Manuel Salazar siguió hundiéndose. Primero, un parpadeo; segundo, tragó saliva; tercero, el temblor espasmódico en las manos, como si todas sus terminaciones nerviosas se activaran descontroladamente.
Logró frenar unas posibles lágrimas.
—No… es… posible.
—Lo es —Daniel no disfrutaba, pero seguía apretándole las tuercas—. Y tú pareces impresionado.
—¿Cómo… no voy a estarlo? —balbució—. Es… era la chica más guapa que jamás… Joder… Joder, ¿en serio? ¿No me estarán vacilando?
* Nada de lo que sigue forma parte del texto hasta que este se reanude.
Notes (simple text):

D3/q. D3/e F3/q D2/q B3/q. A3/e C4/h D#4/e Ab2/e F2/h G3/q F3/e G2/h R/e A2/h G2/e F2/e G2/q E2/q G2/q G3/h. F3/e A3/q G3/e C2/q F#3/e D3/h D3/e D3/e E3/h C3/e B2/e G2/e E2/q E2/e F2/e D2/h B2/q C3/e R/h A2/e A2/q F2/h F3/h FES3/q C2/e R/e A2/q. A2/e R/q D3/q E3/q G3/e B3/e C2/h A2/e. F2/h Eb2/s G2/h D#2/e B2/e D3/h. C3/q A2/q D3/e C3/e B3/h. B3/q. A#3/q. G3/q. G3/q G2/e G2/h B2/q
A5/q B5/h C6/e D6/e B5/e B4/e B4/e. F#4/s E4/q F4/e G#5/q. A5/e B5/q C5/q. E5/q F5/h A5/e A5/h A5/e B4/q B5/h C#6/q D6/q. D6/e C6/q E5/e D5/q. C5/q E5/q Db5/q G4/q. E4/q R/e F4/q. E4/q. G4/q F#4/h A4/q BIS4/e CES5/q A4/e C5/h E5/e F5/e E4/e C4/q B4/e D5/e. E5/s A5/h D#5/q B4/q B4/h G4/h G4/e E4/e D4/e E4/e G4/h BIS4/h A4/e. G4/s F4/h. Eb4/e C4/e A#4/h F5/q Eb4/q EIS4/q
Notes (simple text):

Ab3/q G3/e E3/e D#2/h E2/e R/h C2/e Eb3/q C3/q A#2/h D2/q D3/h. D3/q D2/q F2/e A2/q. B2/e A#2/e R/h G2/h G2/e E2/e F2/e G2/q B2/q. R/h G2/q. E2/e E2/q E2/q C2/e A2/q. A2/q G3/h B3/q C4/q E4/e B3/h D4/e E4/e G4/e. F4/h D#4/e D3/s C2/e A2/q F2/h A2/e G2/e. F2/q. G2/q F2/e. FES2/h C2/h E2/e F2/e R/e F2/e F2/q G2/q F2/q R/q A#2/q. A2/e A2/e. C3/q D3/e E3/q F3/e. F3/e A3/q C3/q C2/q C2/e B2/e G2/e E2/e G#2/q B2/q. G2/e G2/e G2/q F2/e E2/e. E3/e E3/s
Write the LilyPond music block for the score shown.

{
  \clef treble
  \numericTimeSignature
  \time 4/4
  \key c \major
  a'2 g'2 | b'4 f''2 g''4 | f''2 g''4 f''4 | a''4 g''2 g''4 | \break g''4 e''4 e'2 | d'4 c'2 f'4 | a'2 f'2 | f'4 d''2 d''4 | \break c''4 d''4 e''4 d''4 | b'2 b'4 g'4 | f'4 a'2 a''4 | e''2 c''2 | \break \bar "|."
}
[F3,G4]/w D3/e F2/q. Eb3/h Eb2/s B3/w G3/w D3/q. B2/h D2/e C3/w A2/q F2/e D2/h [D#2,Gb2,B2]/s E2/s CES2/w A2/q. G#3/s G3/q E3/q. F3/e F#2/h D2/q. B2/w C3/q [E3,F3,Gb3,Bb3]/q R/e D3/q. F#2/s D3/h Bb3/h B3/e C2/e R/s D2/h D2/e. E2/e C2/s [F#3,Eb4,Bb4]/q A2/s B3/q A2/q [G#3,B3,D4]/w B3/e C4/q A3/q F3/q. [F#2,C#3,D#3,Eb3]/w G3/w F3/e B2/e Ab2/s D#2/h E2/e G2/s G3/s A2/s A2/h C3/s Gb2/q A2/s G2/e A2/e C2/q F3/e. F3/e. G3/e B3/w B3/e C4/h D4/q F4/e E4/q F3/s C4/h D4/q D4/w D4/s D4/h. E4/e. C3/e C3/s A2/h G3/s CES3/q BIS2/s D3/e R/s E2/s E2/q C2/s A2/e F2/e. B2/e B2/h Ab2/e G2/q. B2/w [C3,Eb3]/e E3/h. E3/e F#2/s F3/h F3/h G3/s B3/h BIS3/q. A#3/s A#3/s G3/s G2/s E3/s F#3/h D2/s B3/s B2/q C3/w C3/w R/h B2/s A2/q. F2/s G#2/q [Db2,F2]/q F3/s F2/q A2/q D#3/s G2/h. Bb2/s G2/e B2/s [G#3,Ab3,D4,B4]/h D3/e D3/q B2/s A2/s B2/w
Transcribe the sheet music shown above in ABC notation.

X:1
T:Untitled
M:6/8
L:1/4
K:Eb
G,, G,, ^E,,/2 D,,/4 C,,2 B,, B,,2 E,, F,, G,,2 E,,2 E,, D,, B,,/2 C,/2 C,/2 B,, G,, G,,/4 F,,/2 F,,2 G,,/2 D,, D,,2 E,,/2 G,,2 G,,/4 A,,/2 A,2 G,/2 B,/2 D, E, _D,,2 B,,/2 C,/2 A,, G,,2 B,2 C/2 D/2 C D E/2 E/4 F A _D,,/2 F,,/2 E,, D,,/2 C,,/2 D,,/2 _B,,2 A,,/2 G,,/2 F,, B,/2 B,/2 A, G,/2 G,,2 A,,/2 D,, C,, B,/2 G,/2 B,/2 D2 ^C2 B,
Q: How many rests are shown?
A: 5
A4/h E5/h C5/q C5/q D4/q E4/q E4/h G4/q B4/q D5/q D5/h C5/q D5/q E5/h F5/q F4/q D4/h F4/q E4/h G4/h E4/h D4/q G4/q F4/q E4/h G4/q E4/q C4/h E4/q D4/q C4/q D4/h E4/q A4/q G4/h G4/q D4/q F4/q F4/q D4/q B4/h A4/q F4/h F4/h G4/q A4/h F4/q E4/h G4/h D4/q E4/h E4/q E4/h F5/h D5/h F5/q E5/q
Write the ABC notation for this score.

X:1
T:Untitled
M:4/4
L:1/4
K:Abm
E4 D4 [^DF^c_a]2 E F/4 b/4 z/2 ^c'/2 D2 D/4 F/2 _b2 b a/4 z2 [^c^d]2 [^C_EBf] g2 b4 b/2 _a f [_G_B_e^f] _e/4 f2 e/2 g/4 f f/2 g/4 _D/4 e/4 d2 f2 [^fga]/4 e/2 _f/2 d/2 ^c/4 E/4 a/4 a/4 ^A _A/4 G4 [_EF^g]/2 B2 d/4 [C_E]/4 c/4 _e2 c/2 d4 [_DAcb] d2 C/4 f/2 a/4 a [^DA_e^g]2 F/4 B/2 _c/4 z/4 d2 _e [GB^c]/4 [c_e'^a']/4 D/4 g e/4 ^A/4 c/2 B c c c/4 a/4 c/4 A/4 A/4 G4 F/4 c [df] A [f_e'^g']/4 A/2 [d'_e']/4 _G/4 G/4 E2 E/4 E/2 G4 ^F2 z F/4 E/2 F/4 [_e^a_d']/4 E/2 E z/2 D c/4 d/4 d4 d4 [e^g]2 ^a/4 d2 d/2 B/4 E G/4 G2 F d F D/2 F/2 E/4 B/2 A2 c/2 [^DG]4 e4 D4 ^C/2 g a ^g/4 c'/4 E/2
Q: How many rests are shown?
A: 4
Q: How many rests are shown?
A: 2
—¿Por qué íbamos a vacilarte? —siguió disparando balas de plata—. Le machacaron la cara a golpes y después la ahogaron. Arrojaron su cadáver al río Llobregat.
Manuel Salazar se apoyó en el marco de la puerta.
Tenía el vello corporal erizado.
Temblaba de frío.
—Mierda…
—¿Puedes decirnos algo al respecto? —preguntó Daniel.
El chico hundió en él una mirada extraviada.
—¿Yo? ¿Qué quiere que le diga yo? No sé nada. Nada. Esto es… una pesadilla. Eva…
Se quedó con el nombre flotando en los labios.
Víctor observó a su superior. Esperaba algo más. La puntilla.
Y sin embargo, Daniel plegó velas justo en ese momento.
—Te dejo mi tarjeta, Manuel —le pasó el rectángulo de papel con el teléfono—. Cualquier cosa, me llamas. Y recuerda que estamos hablando de un asesinato, ¿de acuerdo?
Manuel Salazar la tomó con la mano derecha.
Pero no se movió.
Una estatua de sal, a la espera del diluvio.
Ni siquiera hubo despedida. Ellos dos se dieron media vuelta. El muchacho cerró la puerta.